**PROBLEM REQUIREMENTS**
Write the listing out again word for word, excluding any pictures.

**MATERIAL PROVIDED**

*** Block opens ***

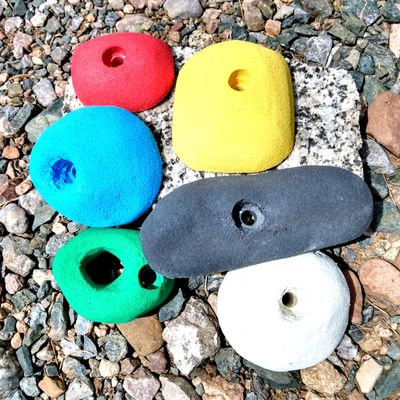 Climbing Holds Pack- 6 Large Bolt-on Holds with Various Difficulty (Black)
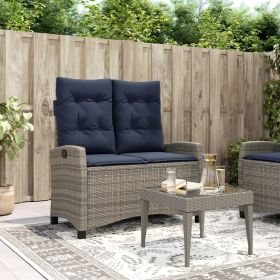 Reclining Patio Bench with Cushions Gray Poly Rattan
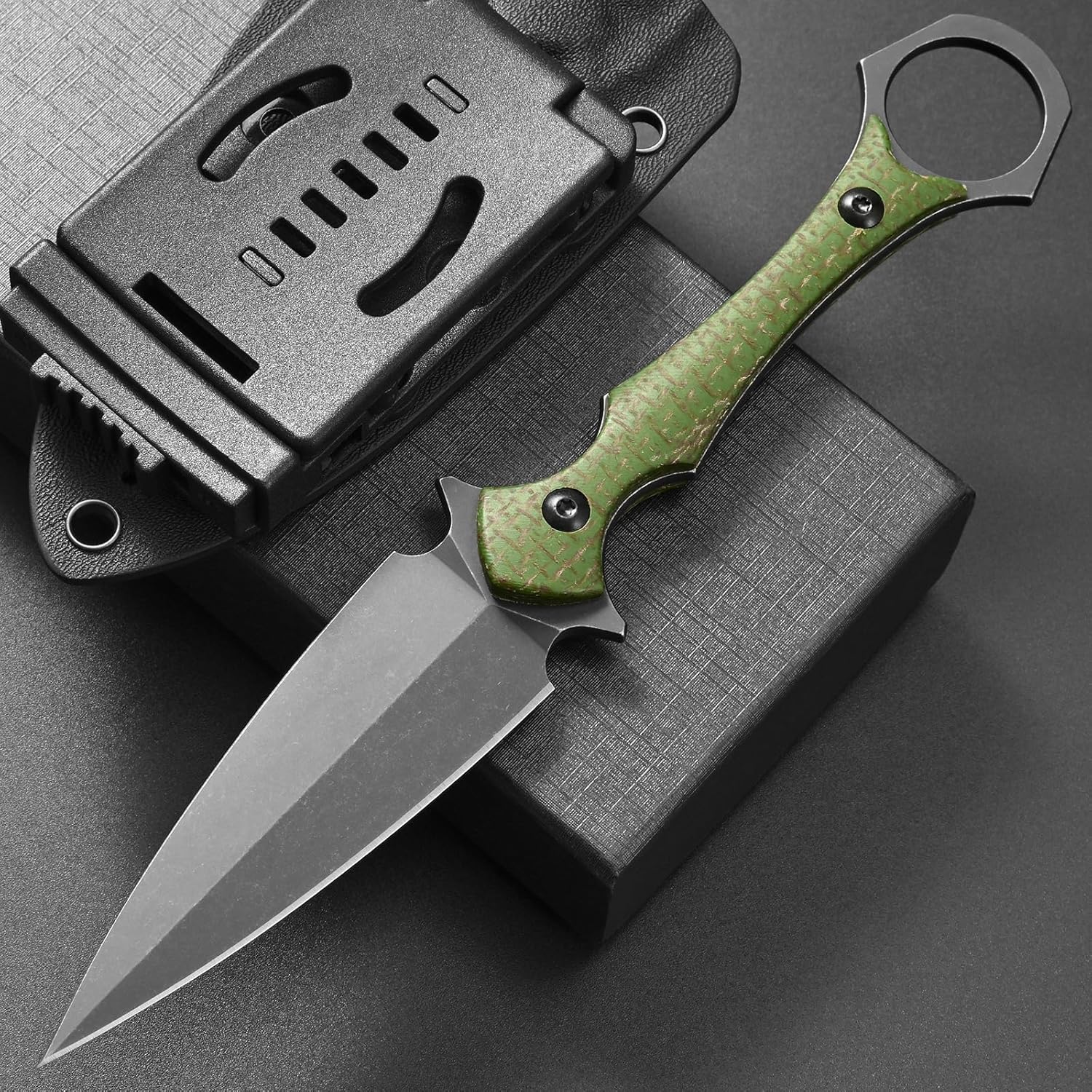 C1292 Fixed Blade Knife D2 Blade Micarta Handle EDC Tool Knifes for Outdoor Camping Survival Hiking(Green)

*** Block closes ***

**FINISHED EXERCISE**
 Climbing Holds Pack- 6 Large Bolt-on Holds with Various Difficulty (Black)
 Reclining Patio Bench with Cushions Gray Poly Rattan
 C1292 Fixed Blade Knife D2 Blade Micarta Handle EDC Tool Knifes for Outdoor Camping Survival Hiking(Green)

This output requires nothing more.